Ходил же Гоголь всегда чрезвычайно быстро и как-то порывисто, производя при этом такой ветер, что стеариновые свечи оплывали, к немалому огорчению моей бережливой бабушки. Когда же Гоголь очень уж расходился, то моя бабушка… закричит, бывало, горничной: «Груша, а Груша, подай-ка теплый платок: тальянец (так она звала Гоголя) столько ветру напустил, так страсть». — «Не сердись, старая, — скажет добродушно Гоголь, — графин кончу и баста». Действительно, покончит второй графин и уйдет наверх.
…Выезжал он из дома редко, у себя тоже не любил принимать гостей, хотя характера был крайне радушного. Мне кажется, известность утомляла его, и ему было неприятно, что каждый ловил его слово и старался навести его на разговор; наконец, он знал, что к отцу приезжали многие лица специально для того, чтобы посмотреть на «Гоголя», и когда его случайно застигали в кабинете отца, он моментально свертывался, как улитка, и упорно молчал».
Но ежегодно 9 мая Гоголь преображался. В липовой аллее накрывали длинный праздничный стол с букетами сирени, вином от Депре, холодными закусками и сладким пирогом, начиненным цукатами, — шедевром надменного Порфирия из купеческого клуба. Именинник, сама приветливость и любезность, без устали занимал гостей, ни одного не обделяя вниманием. Расходились, пишет сын Погодина, «часов в одиннадцать вечера, и Н. В. успокаивался, сознавая, что он рассчитался со своими знакомыми на целый год».
Так было и в первый, знаменательный именинный обед Гоголя на Девичьем поле 9 мая 1840 года.
С утра он уже успел наведаться по разным адресам, самолично проследить за всеми приготовлениями, вникнуть во все кулинарные подробности и теперь наблюдал, как погодинские дети развешивают в саду над столом разноцветные китайские фонарики и прячут в ветвях деревьев по оба конца стола шутливый сюрприз — клетки с соловьями: вот-то будет удивления, когда под стук ножей и вилок сладкоголосые пробудятся и запоют…
Между тем гости съезжались.
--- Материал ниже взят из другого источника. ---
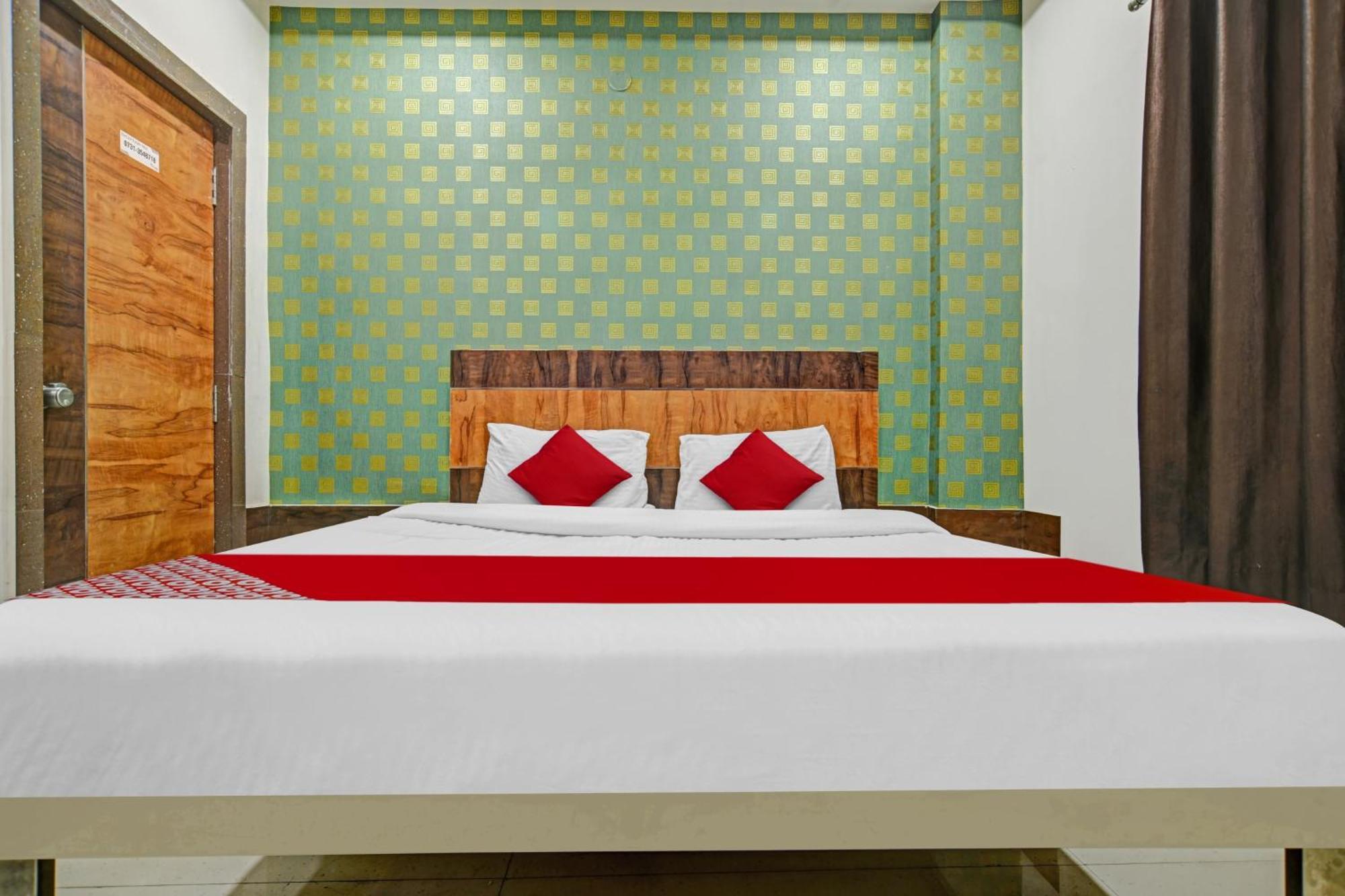 Hotel O Blue Wings Indore Exteriör bild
На ступеньках крыльца показалась статная фигура Александра Ивановича Тургенева. Блеснули насмешливые очки Вяземского. Под руку с милейшей супругой Екатериной Михайловной, сестрой поэта Языкова, прошествовал поэт-философ и философ-поэт Алексей Степанович Хомяков. Прибыли Елагины, Загоскин, Шевыревы. Рассеянно озирался нежинский «однокорытник» Николая Васильевича профессор Редкий. Щепкин, облокотившись о перила крыльца, поддразнивал младших Аксаковых (у Сергея Тимофеевича страшно разболелись зубы, и он, к величайшему своему огорчению, быть не смог).
Пора было, кажется, и за стол. Гоголь вынул из жилетного кармана часы и ахнул: шестой час, пирог перестоится, да и макароны надо подавать горячими, прямо с плиты. Он собрался уже броситься на кухню, отдать необходимые распоряжения, как ВДРУГ увидел направлявшегося к нему по дорожке приземистого армейского поручика и невольно замер, узнав в нем Лермонтова.
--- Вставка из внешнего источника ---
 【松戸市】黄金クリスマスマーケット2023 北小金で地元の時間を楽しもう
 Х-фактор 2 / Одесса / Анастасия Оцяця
Они обменялись несколькими незначащими фразами, но спустя некоторое время надолго исчезли вдвоем из-за стола, где Лермонтов почти не притрагивался к еде и питью, нервно катая по скатерти хлебные шарики и отвечая на обращенные к нему вопросы светскими недомолвками. Гости, которые разбрелись после обеда по саду, нашли их на скамейке у пруда. Лермонтов читал Гоголю отрывок из «Мцыри». Вскоре, отказавшись от чая, он с холодной вежливостью откланялся и уехал, а Гоголь до конца вечера был молчалив и погружен в себя.